Filed under : Life in general,Music
On March 23, 2007
At 2:00 pm
Comments : 9

I received an e-mail recently inviting me to a reunion of a label where I used to work and it began, “Remember when we used to love our jobs?” Indeed. It’s this evening and I’m totally psyched to go. Well, I’ll just be popping in for an hour but still. If you have ever worked for a record label you have probably worked for twelve record labels. This is because:

a. They tend to go bust or get bought and then folded.
b. If things don’t go well, the solution is usually to randomly fire a bunch of people.
c. The new people who are brought in to replace the fired people usually start their regimes by firing a lot of other people.

See, record companies are a lot like the NHL. The same coaches keep getting canned and then turning up on other teams, usually announced with a gushing press release. Then, if they can, they bring over their top-scoring line from their last team. So chunks of one team will suddenly be on another team. Chunks of three other labels are at my current label, including the one whose reunion I’m attending tonight.

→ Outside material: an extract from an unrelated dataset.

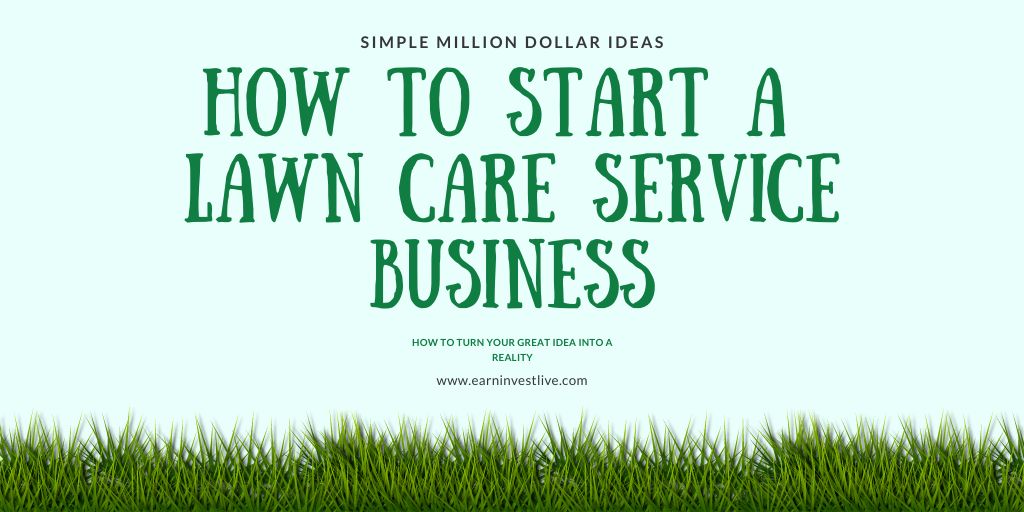 How to Start a Lawn Care Service Business: Simple Million Dollar Ideas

This former label has a glorious history typical of the industry. First, as an independent, they broke numerous bands important to the history of R&B and Rock. Then they got bought by a giant behemoth and became the kind of place where you could only get your office painted non-white if you were a VP or above. When that giant behemoth got bought by another multi-national a few years back, several labels were folded, including this one.

We knew for about six months and it was kind of like being on the Titanic only with Brit-pop instead of “Nearer My God To Thee.” You knew that some people would survive but that the majority of people would lose their jobs. At first there was a kind of blitheness, like, “yes, yes, it’ll be OK.” Next came the beginnings of concern. People stopped caring about radio adds and tour marketing and focused on resume-writing and networking. Then came the mass panic where everyone just came to work and hung around the hallways drinking and raiding storage closets for future eBay sales. One of the finance people had an open bar in her office and you just helped yourself before discussing the latest rumor with the other doomed passengers.

I was lucky and found a new gig about two weeks before the layoff announcements were made but it still totally blew. Honestly, it was so corporate there that I don’t miss it terribly but I do miss some of those people and I totally miss having bands I was proud to sell. I used to answer the phone, “Blankety-Blank Records” instead of the way I do now with my name. Those were the days when I could still be thrilled at the history in our catalog and excited about the artists we represented. Of course, I wasn’t allowed to have a good phone because I wasn’t at a high enough level but that won’t stop me from having some drinks with my old shipmates tonight. Ahoy!